**ABOUT THIS TASK:** Exactly the lines from the opening of the records through the line containing "Ocean Luxury Coastal" should be copied, with both included.

(Short descriptive text snippets)

-- Opening Marker --

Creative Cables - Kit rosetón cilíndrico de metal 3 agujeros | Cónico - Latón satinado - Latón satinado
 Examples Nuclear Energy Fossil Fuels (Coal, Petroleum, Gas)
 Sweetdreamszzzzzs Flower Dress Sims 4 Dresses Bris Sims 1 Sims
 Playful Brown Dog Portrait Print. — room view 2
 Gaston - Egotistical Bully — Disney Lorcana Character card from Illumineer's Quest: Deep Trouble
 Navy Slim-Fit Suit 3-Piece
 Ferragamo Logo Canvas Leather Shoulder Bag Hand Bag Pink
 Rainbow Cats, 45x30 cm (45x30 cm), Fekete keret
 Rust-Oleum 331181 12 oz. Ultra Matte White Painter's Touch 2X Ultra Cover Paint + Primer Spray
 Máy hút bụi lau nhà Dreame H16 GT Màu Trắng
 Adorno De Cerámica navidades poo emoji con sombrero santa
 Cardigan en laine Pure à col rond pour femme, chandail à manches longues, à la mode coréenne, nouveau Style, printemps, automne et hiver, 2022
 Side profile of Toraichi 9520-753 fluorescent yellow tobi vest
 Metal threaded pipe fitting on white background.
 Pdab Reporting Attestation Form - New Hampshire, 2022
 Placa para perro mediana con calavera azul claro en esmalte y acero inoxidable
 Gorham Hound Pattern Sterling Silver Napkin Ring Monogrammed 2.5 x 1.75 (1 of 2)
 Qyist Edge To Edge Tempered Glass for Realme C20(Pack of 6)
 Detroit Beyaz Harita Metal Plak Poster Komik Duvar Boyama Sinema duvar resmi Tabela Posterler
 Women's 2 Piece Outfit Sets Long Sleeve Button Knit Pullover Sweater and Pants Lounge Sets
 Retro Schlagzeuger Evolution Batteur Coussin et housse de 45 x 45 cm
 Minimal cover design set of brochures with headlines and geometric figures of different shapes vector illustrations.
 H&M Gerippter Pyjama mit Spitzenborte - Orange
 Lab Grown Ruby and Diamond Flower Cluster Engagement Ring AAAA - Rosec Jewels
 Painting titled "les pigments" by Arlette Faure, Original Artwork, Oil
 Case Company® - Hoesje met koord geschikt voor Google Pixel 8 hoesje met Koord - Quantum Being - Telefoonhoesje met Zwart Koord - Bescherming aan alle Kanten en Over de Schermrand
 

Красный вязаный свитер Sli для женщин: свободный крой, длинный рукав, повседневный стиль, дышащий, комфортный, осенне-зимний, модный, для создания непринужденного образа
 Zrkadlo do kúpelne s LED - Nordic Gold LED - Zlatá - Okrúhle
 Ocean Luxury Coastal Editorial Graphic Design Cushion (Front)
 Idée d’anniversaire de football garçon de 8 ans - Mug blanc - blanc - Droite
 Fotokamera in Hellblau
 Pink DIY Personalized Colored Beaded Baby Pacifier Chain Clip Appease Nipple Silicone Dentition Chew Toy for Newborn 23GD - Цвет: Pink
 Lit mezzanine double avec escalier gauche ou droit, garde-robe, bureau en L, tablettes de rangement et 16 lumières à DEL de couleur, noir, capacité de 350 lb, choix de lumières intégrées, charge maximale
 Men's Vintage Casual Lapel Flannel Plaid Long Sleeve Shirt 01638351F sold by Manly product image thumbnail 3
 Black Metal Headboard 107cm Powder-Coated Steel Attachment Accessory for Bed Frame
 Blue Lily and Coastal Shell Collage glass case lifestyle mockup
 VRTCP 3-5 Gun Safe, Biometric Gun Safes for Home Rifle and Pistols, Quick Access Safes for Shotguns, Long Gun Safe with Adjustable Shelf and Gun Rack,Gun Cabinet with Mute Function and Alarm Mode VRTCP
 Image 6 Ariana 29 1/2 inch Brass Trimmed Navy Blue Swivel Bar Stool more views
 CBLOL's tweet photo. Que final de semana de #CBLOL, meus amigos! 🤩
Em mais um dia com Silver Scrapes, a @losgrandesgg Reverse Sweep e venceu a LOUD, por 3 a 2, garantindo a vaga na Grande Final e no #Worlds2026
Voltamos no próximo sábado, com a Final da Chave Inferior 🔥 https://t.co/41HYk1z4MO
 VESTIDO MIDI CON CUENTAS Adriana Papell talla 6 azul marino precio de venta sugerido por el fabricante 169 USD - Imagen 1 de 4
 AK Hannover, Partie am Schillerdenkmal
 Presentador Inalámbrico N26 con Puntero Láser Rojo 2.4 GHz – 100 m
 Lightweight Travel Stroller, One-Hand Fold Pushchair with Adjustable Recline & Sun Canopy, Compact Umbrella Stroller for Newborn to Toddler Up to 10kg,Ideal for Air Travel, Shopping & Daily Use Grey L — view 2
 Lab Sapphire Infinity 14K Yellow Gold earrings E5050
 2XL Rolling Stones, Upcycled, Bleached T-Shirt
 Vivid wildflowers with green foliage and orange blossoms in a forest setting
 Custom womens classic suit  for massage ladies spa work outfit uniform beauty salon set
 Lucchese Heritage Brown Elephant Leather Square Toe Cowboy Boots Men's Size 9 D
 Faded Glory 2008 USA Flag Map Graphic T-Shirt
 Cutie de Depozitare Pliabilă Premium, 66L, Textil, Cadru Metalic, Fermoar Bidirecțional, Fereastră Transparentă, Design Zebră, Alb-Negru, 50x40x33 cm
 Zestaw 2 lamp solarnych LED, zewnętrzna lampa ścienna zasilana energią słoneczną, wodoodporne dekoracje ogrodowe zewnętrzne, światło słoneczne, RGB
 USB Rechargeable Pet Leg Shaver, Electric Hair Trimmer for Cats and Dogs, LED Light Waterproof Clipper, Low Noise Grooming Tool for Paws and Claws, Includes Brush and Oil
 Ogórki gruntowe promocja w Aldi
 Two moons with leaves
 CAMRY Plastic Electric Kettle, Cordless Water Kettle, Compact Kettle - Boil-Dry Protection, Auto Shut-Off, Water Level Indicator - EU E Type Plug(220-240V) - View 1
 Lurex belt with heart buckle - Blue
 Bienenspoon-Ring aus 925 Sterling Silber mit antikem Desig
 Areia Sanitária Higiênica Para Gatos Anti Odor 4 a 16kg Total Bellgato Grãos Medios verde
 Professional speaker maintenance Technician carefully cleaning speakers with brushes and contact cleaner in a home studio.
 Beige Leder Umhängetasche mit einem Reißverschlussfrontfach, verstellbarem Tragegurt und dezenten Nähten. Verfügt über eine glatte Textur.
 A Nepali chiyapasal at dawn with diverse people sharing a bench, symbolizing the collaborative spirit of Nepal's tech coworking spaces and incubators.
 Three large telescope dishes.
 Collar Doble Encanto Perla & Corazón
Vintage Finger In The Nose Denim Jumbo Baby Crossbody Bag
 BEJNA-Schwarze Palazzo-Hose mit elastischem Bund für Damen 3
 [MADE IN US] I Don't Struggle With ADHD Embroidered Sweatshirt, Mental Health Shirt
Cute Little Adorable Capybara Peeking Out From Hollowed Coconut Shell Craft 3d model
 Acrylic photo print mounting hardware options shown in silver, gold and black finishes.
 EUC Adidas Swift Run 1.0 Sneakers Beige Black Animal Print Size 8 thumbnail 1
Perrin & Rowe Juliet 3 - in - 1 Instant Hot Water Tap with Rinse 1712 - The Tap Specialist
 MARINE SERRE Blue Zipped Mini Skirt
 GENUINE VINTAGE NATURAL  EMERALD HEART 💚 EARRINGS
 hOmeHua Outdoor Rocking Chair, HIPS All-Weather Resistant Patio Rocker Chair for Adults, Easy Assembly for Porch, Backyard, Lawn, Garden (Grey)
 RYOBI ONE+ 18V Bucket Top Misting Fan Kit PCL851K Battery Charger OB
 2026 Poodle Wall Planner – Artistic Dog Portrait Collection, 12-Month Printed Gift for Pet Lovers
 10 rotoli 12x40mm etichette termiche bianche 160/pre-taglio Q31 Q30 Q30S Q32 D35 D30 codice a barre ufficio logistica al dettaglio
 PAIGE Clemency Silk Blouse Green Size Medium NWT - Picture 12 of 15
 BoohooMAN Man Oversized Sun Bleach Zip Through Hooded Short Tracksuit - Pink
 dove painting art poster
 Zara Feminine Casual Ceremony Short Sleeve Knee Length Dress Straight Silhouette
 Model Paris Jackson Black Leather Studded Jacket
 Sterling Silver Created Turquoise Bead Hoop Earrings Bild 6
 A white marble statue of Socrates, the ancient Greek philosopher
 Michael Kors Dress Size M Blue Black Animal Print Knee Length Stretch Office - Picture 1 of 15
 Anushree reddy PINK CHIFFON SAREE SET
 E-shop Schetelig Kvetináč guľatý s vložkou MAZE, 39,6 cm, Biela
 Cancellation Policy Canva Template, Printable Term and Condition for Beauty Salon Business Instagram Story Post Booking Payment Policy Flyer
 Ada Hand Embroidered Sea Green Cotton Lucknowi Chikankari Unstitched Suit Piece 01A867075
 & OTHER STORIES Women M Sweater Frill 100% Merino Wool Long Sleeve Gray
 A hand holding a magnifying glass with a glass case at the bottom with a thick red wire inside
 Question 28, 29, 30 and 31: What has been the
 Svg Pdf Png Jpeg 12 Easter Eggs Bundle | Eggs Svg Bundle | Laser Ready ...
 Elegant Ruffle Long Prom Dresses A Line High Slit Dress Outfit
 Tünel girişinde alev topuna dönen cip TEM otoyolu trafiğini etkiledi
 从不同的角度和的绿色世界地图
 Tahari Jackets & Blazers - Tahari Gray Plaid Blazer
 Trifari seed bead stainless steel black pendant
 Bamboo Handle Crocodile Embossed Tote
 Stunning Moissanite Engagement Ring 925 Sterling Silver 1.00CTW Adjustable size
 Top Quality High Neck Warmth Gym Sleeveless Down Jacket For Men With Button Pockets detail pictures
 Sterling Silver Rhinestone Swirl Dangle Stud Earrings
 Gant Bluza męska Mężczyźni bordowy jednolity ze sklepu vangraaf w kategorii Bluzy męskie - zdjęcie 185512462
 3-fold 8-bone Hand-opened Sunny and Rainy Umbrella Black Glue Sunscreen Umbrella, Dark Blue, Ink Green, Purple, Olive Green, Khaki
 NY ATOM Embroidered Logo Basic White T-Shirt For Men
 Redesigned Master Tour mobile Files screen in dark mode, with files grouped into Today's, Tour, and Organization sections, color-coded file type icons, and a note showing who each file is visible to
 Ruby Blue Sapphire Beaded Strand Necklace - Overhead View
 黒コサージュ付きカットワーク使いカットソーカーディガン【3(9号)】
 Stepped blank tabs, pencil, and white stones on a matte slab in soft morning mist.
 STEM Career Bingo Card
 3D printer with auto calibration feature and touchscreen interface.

-- Closing Marker --

**SOLUTION BELOW:**
Creative Cables - Kit rosetón cilíndrico de metal 3 agujeros | Cónico - Latón satinado - Latón satinado
 Examples Nuclear Energy Fossil Fuels (Coal, Petroleum, Gas)
 Sweetdreamszzzzzs Flower Dress Sims 4 Dresses Bris Sims 1 Sims
 Playful Brown Dog Portrait Print. — room view 2
 Gaston - Egotistical Bully — Disney Lorcana Character card from Illumineer's Quest: Deep Trouble
 Navy Slim-Fit Suit 3-Piece
 Ferragamo Logo Canvas Leather Shoulder Bag Hand Bag Pink
 Rainbow Cats, 45x30 cm (45x30 cm), Fekete keret
 Rust-Oleum 331181 12 oz. Ultra Matte White Painter's Touch 2X Ultra Cover Paint + Primer Spray
 Máy hút bụi lau nhà Dreame H16 GT Màu Trắng
 Adorno De Cerámica navidades poo emoji con sombrero santa
 Cardigan en laine Pure à col rond pour femme, chandail à manches longues, à la mode coréenne, nouveau Style, printemps, automne et hiver, 2022
 Side profile of Toraichi 9520-753 fluorescent yellow tobi vest
 Metal threaded pipe fitting on white background.
 Pdab Reporting Attestation Form - New Hampshire, 2022
 Placa para perro mediana con calavera azul claro en esmalte y acero inoxidable
 Gorham Hound Pattern Sterling Silver Napkin Ring Monogrammed 2.5 x 1.75 (1 of 2)
 Qyist Edge To Edge Tempered Glass for Realme C20(Pack of 6)
 Detroit Beyaz Harita Metal Plak Poster Komik Duvar Boyama Sinema duvar resmi Tabela Posterler
 Women's 2 Piece Outfit Sets Long Sleeve Button Knit Pullover Sweater and Pants Lounge Sets
 Retro Schlagzeuger Evolution Batteur Coussin et housse de 45 x 45 cm
 Minimal cover design set of brochures with headlines and geometric figures of different shapes vector illustrations.
 H&M Gerippter Pyjama mit Spitzenborte - Orange
 Lab Grown Ruby and Diamond Flower Cluster Engagement Ring AAAA - Rosec Jewels
 Painting titled "les pigments" by Arlette Faure, Original Artwork, Oil
 Case Company® - Hoesje met koord geschikt voor Google Pixel 8 hoesje met Koord - Quantum Being - Telefoonhoesje met Zwart Koord - Bescherming aan alle Kanten en Over de Schermrand
 

Красный вязаный свитер Sli для женщин: свободный крой, длинный рукав, повседневный стиль, дышащий, комфортный, осенне-зимний, модный, для создания непринужденного образа
 Zrkadlo do kúpelne s LED - Nordic Gold LED - Zlatá - Okrúhle
 Ocean Luxury Coastal Editorial Graphic Design Cushion (Front)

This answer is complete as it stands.